(EXCERPTED RECORDS begins)

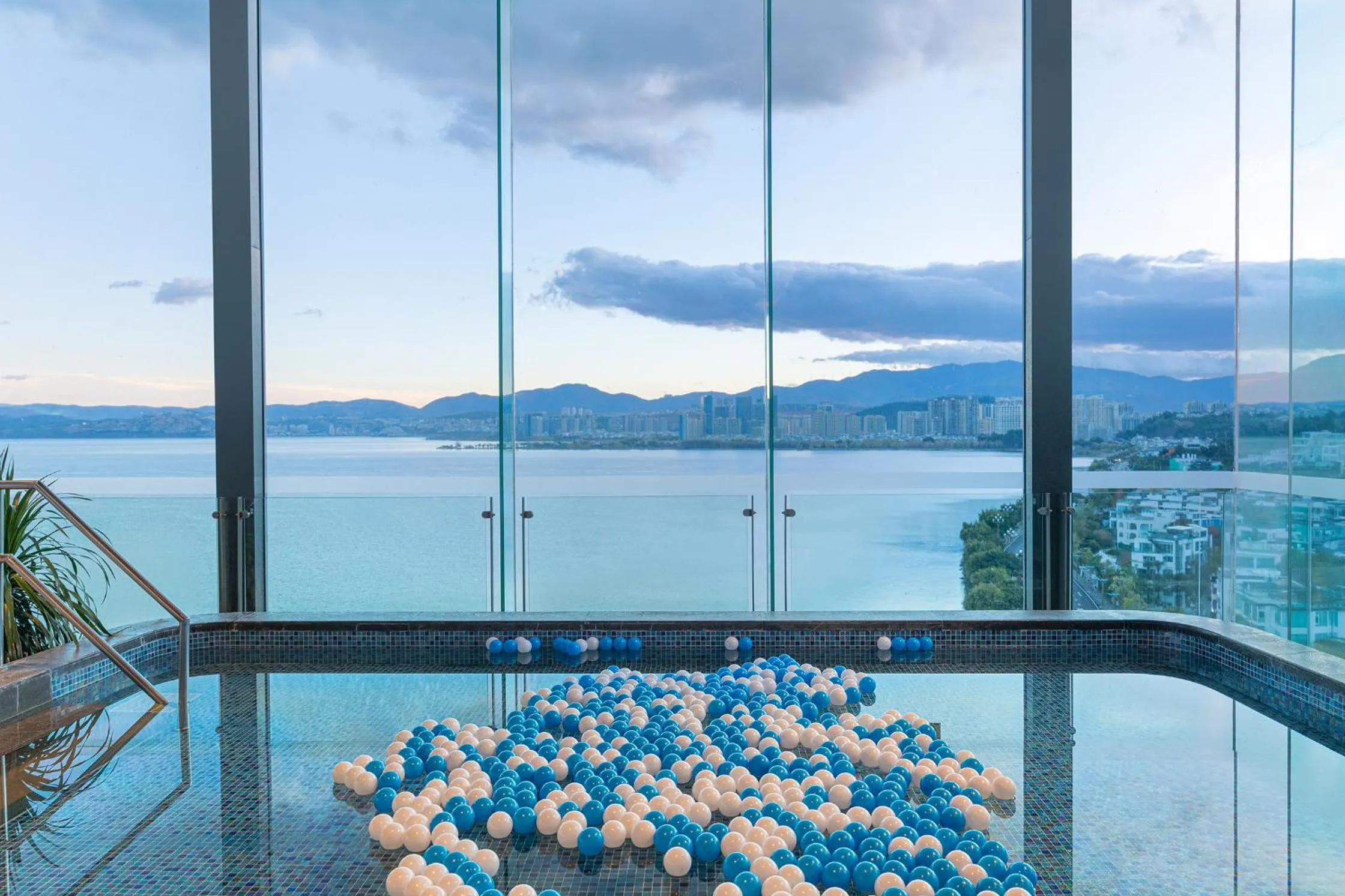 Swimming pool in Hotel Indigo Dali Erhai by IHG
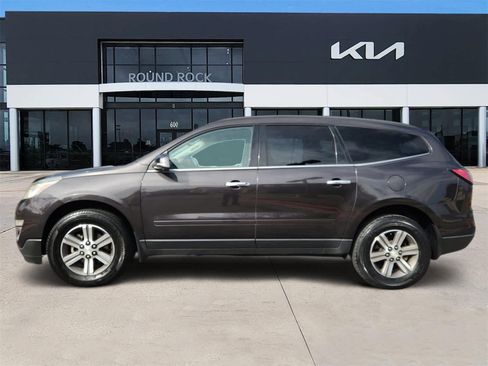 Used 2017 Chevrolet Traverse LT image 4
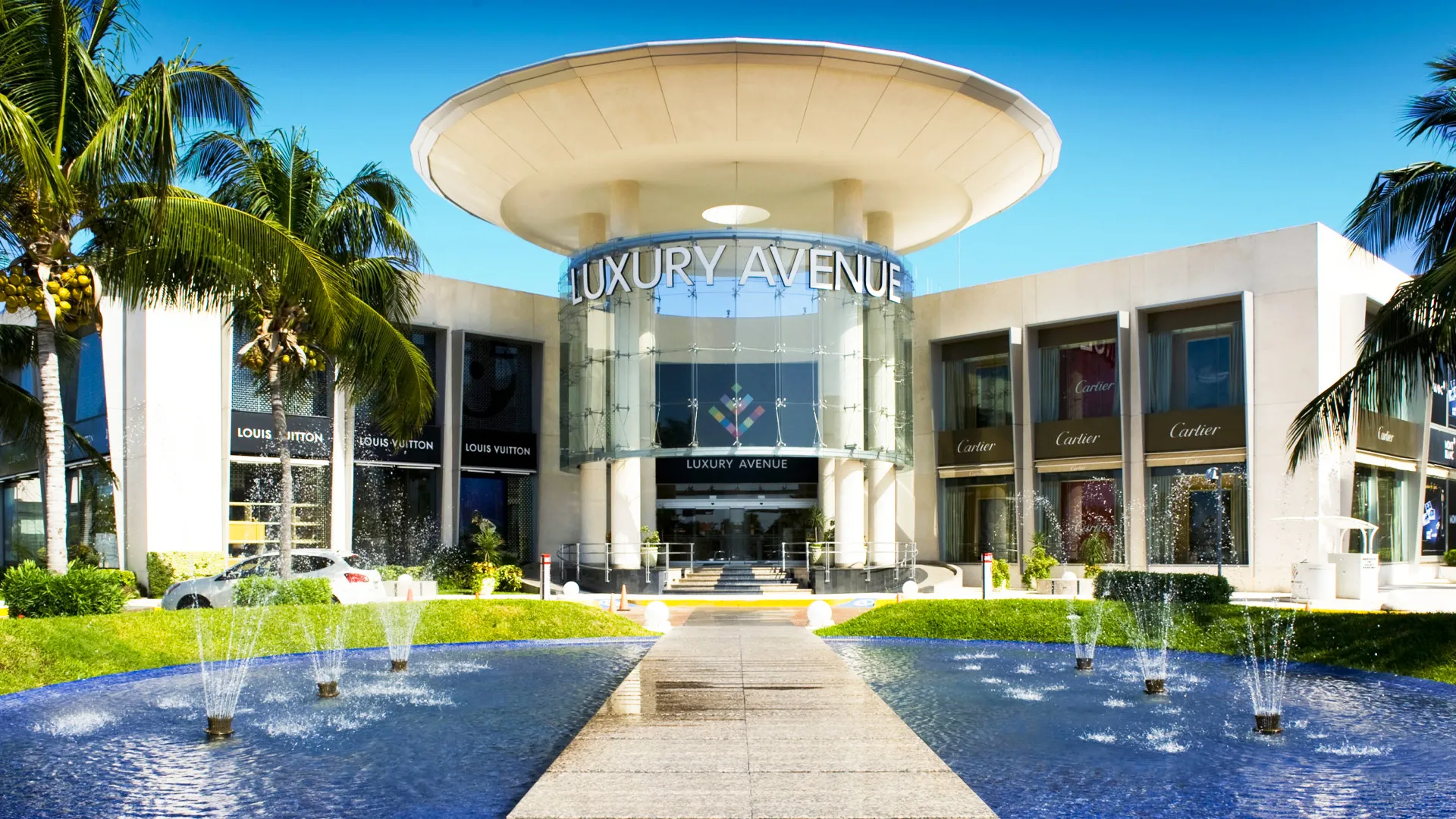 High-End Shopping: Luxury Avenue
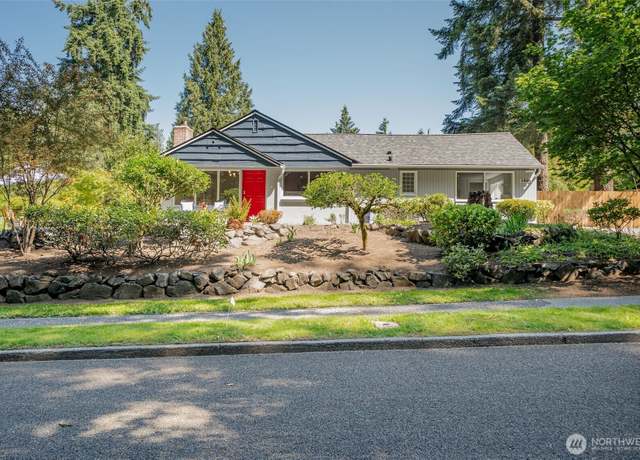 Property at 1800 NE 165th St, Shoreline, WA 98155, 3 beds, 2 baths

(EXCERPTED RECORDS ends)
(EXCERPTED RECORDS begins)

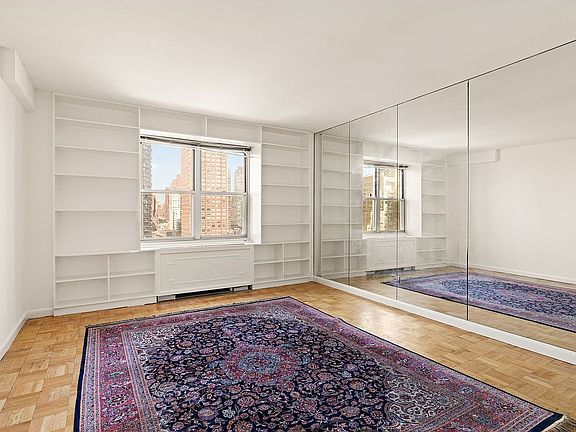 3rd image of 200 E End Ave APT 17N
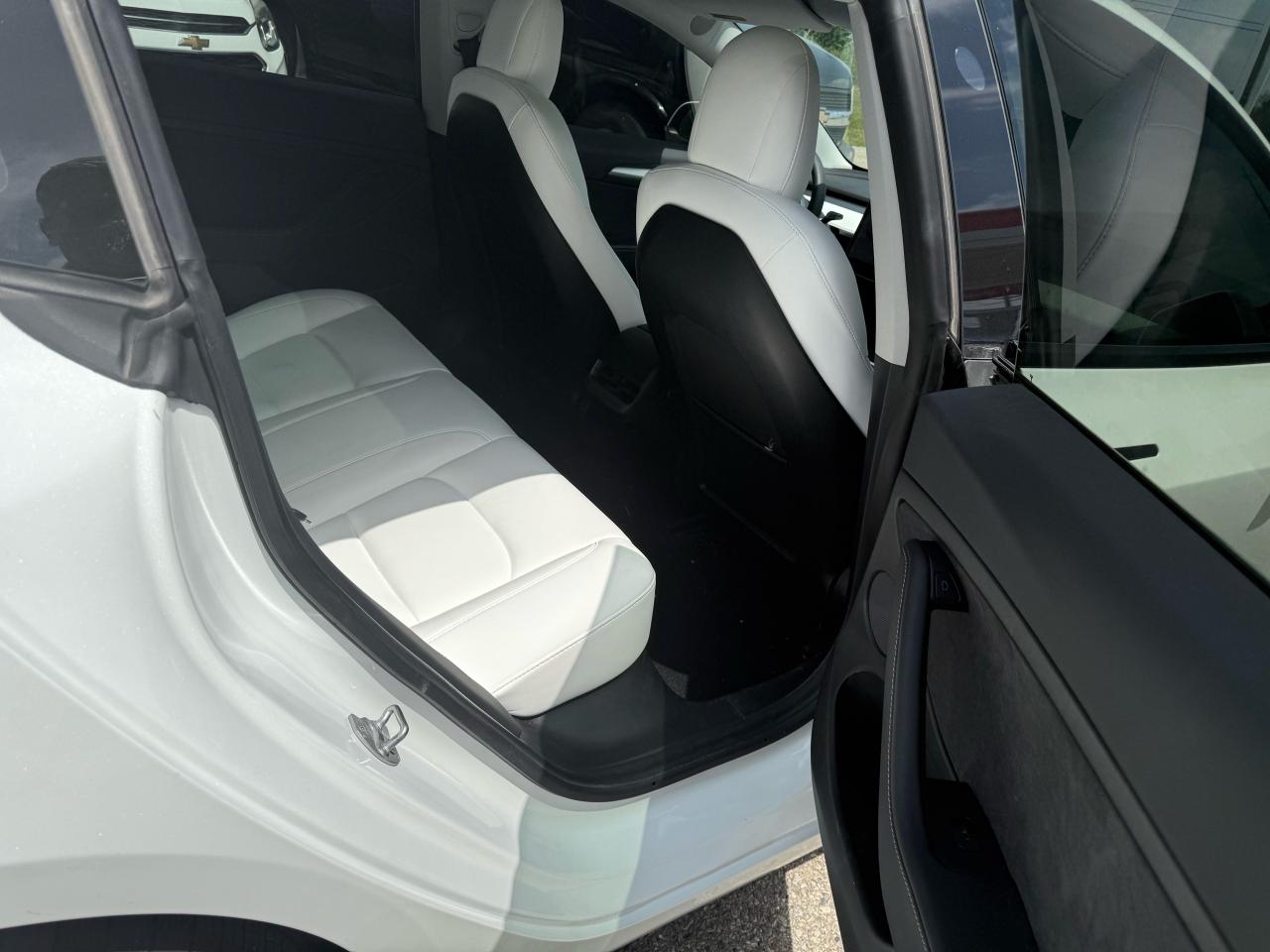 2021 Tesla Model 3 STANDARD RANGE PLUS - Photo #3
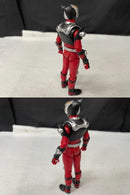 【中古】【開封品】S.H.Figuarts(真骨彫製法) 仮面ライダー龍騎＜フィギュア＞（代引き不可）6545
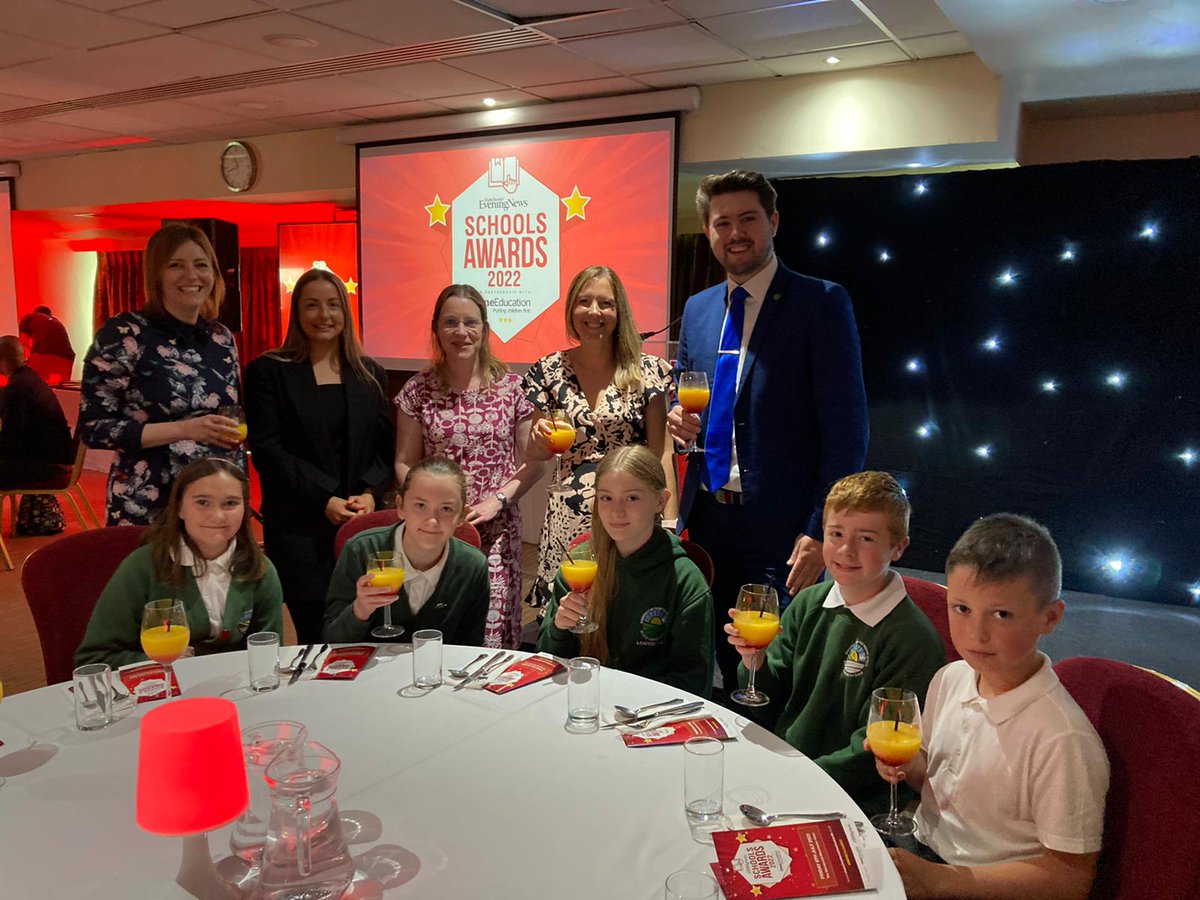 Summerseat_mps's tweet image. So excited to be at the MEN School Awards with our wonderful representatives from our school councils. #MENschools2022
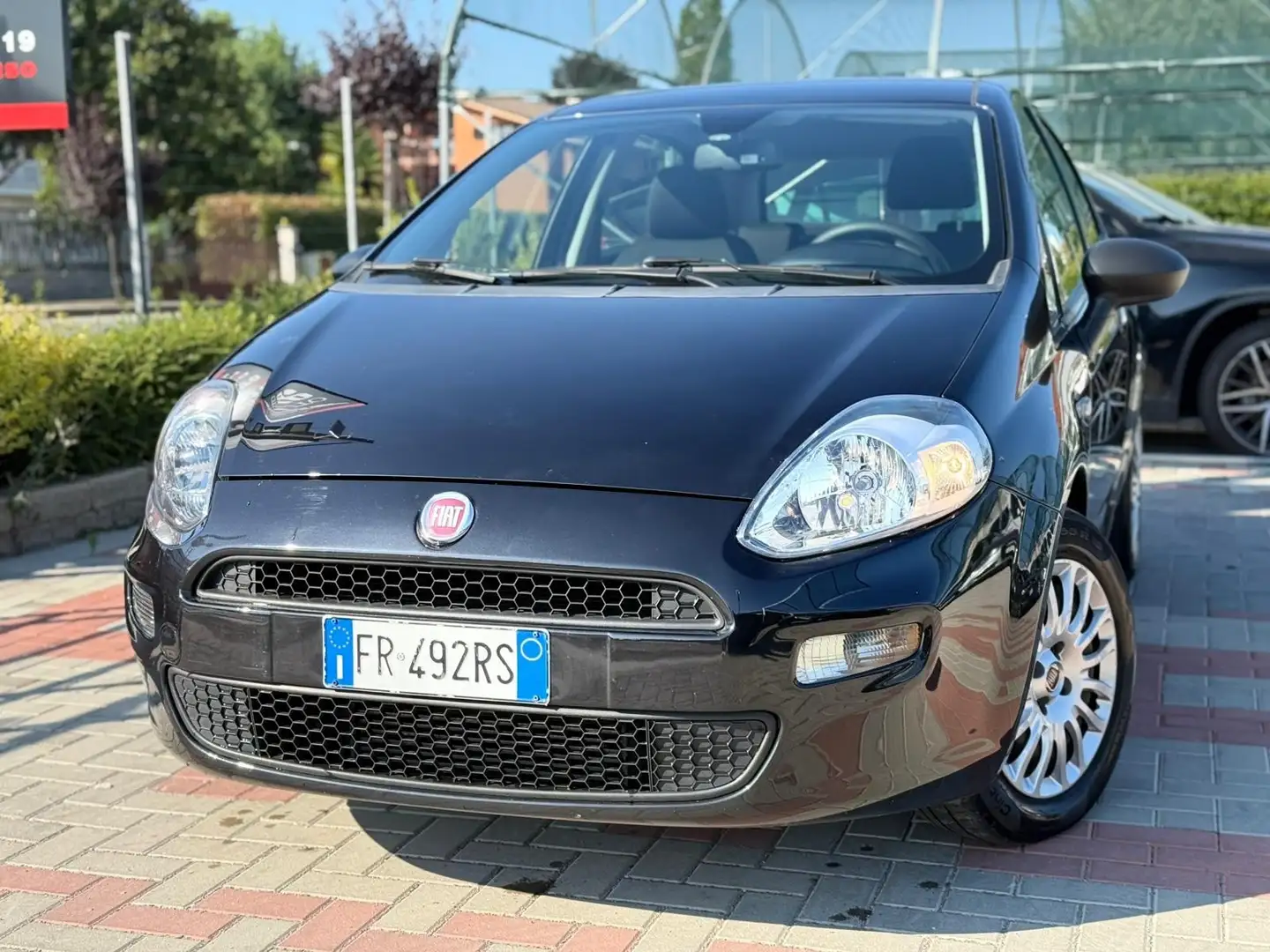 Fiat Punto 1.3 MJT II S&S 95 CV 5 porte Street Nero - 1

(EXCERPTED RECORDS ends)

- **ASSIGNMENT**: Take the material above and output only the lines from the one that contains "Swimming pool in" through the one that contains "Property at 1800", ends included and images left out.

- **OUTPUT OF THE TASK**:
 Swimming pool in Hotel Indigo Dali Erhai by IHG
 Used 2017 Chevrolet Traverse LT image 4
 High-End Shopping: Luxury Avenue
 Property at 1800 NE 165th St, Shoreline, WA 98155, 3 beds, 2 baths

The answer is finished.